Socio-Economic Characteristics

© UNESCO
Sila (Italy)

The Sila landscape has experienced interactions between humans and nature for over a thousand years and despite this, has always maintained harmony between human activities (mainly agricultural, animal breeding and forestry), the special physical and natural environment, and the urban settlements that have been amicably built up within its natural context. The population living in the 71 Municipalities within the biosphere reserve is about 386,000, 6,500 of which reside in the buffer zone.
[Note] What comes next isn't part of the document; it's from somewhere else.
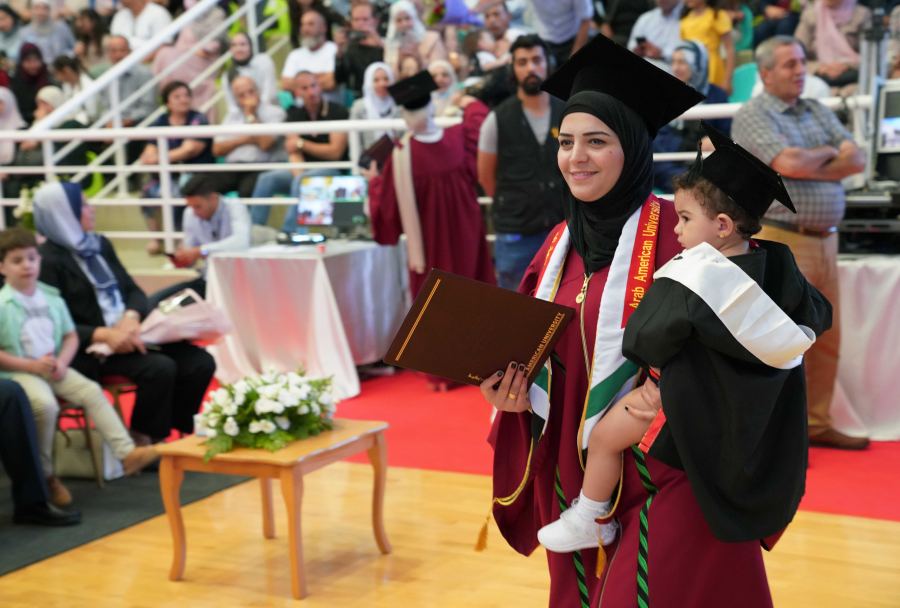 الجامعة العربية الأمريكية تحتفل بتخريج فوجي السابع والثامن عشر من طلبة كليات طب الأسنان والهندسة وتكنولوجيا المعلومات والعلوم 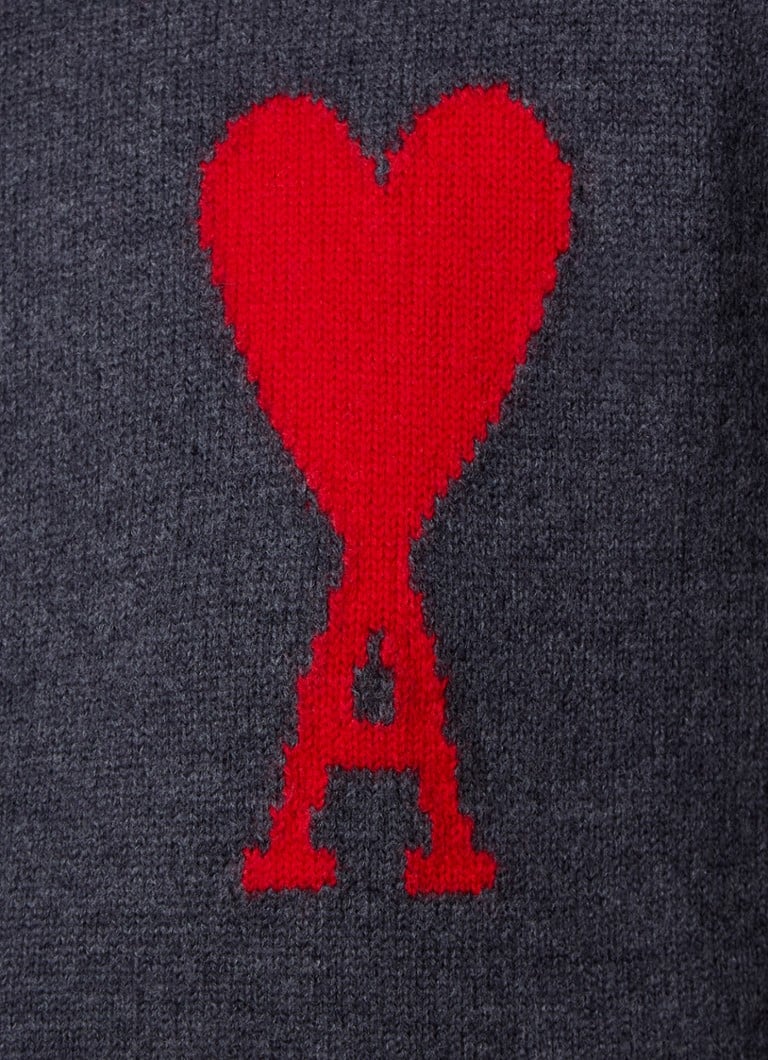 Pulover cu guler înalt AMI Paris din lână virgină tricotată fin, cu logo țesut.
Agriculture has been the historical and long-term traditional activity in  Sila (cultivation of the 'Sila potato' and common wheat). Wood supply chain and sustainable tourism are areas on expansion.
Animal husbandry is another major agricultural activity in the Sila with the most common phenomenon being the transhumance of cattle; the seasonal migration of animals from the hills and mountains to the coastal plains and vice versa.
The Calabria Region is the fourth in Italy for its number of protected products with 36 protected denominations falling mainly under the wine and charcuterie sectors.

The Sila National Park is visited each year by hundreds of tourists, the majority being schools from central and southern regions interested in the environmental education, nature and forestry activities these environments offer. Natured tourism has henceforth become the base of the local economy with over 500,000 yearly visitors.